Dodajmy, że Kijów tysiąc lat temu był miastem ogromnym i niezwykle bogatym, szczególnie na tle niewielkiego Gniezna i innych ważniejszych grodów w Wielkopolsce. Posiadać miał 400 cerkwi i 8 placów rynkowych. Bolesław nie myślał o włączeniu go do swojego państwa. Gall pisze jednak, że Chrobry „przez przeciąg dziesięciu miesięcy bez przerwy przysyłał stąd pieniądze do Polski”. Za bardzo temu przekazowi wierzyć nie można, bo Chrobry wyjechał z Kijowa we wrześniu 1018 r.

Brutalny Szczodry

Jarosław Mądry za zniewagę wyrządzoną mu przez Chrobrego zemścił się na Mieszku II. Sprzymierzył się przeciwko niemu z niemieckim cesarzem Konradem II. Potem jednak Jarosław wsparł Kazimierza Odnowiciela, a sojusz między nimi został przypieczętowany dwoma małżeństwami: Kazimierza z Dobroniegą (siostrą Jarosława) w 1041 r., a dwa lata później Izasława (syna Jarosława) z Gertrudą (siostrą Kazimierza).

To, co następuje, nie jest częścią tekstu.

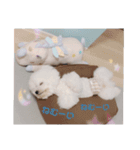 ビションのMint♂よろしく♡（個別スタンプ：9）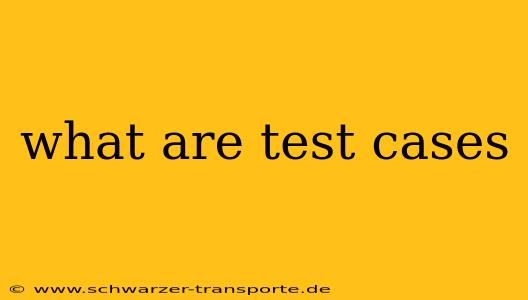 what are test cases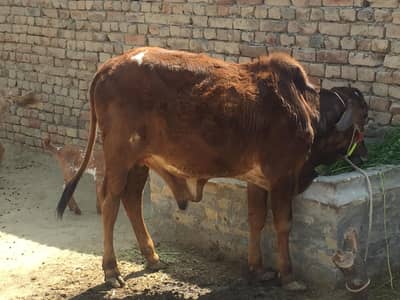 تندرست بچھڑا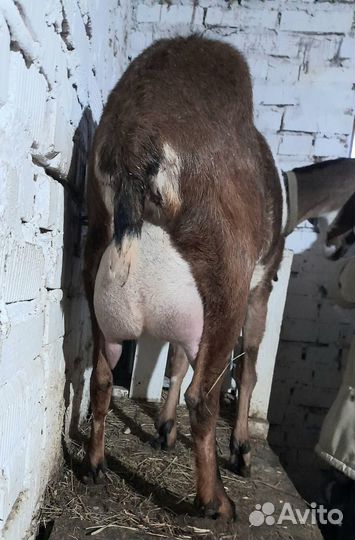 Англо-нубийские козлята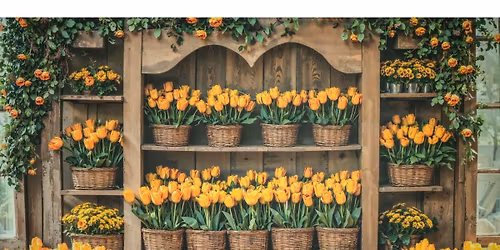 Tavaszi\/any\u00e1k napi gyermek minifot\u00f3z\u00e1s a Piciri Kuck\u00f3ban! \ud83c\udf37\ud83d\udcf7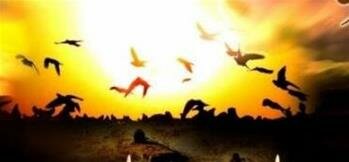 Özgürlük Elçisi Hz. Muhammed (s.a)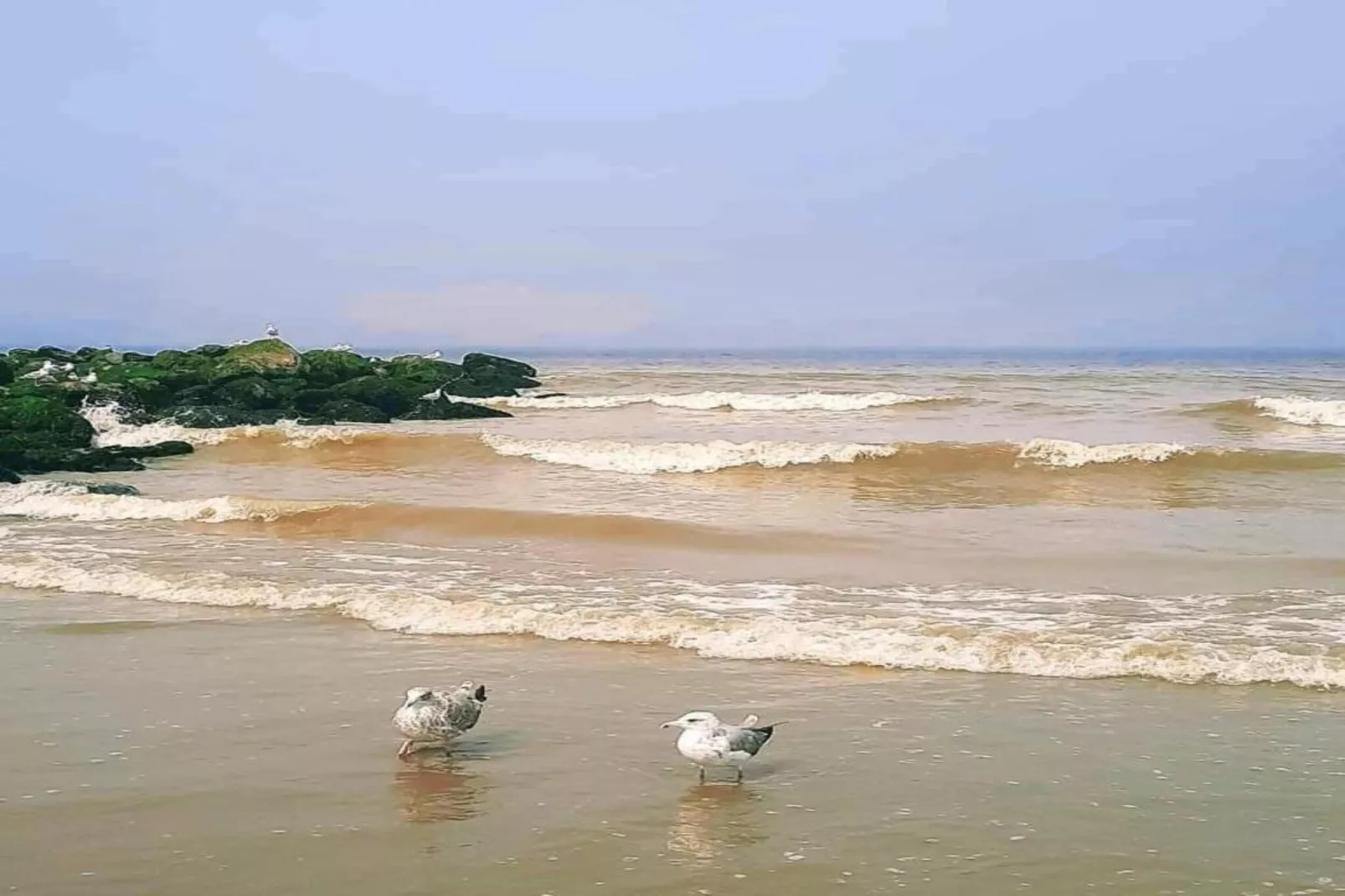 WESTDIEP 4/0701GAR-Gebieden zomer 20km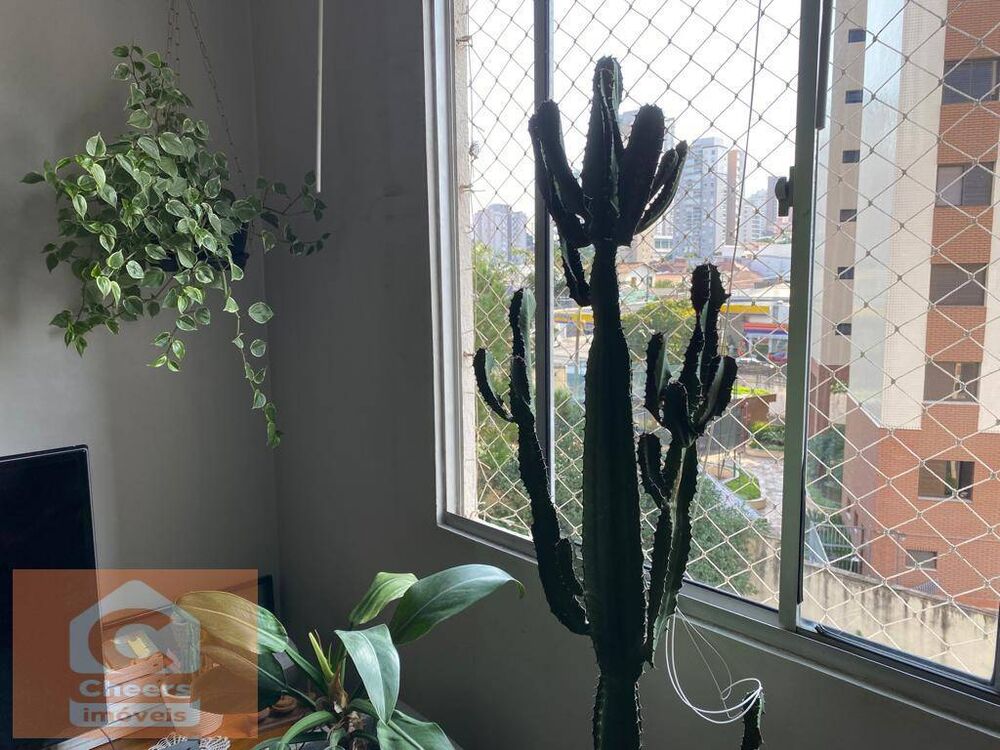 Apartamento à venda com 3 quartos, 69m² - Foto 6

Po Kazimierzu w Polsce tron objął Bolesław Szczodry. Gall Anonim tak przedstawiał jego spotkanie z księciem ruskim w Kijowie, którego osadził na tronie: „Ten zaś prosił Szczodrego, by wyjechał naprzeciw niego i oddał mu pocałunek pokoju dla czci jego narodu. Bolesław przystał, ale postawił własne warunki. „Policzono mianowicie ilość kroków konia Szczodrego od jego kwatery do miejsca spotkania – i tyleż grzywien złota złożył mu Rusin. Bolesław jednak nie zsiadając z konia, lecz targając go ze śmiechem za brodę, oddał mu ten nieco kosztowny pocałunek”.

Ruś była kluczem

Przez niemal całe średniowiecze relacje między Polską a Rusią były chlebem powszednim. Prof. Krzysztof Ożóg, wybitny mediewista z UJ, zwraca uwagę, o czym się na ogół zapomina, że małżeństwo Jadwigi z Jagiełłą, a tym samym unia polsko-litewska została zawiązana, bo elitom politycznym Korony chodziło o... Ruś. Walczyły o nią przede wszystkim z Litwą. W wojnach o Ruś poświęcili wielki majątek. Wielu z nich zginęło. Tymczasem pod koniec lat 70. XIV w. Ludwik Węgierski rządy nad Rusią powierzył starostom węgierskim. Panom krakowskim nie pozostało nic innego, jak podtrzymać sukcesję Jadwigi, bo dzięki temu i związaniu jej węzłem małżeńskim z Litwinem (Jagiełłą) mogli odzyskać Ruś.

Religia na przeszkodzie

Czy w 1569 r. w akcie unii lubelskiej mogła powstać Rzeczpospolita Trojga Narodów: polskiego, litewskiego i ruskiego? __Prof. Mariusz Markiewicz, świetny znawca dziejów nowożytnych z UJ, przypomina, że książęta ruscy i szlachta otrzymali wtedy te same prawa i przywileje, jakie obowiązywały w Koronie.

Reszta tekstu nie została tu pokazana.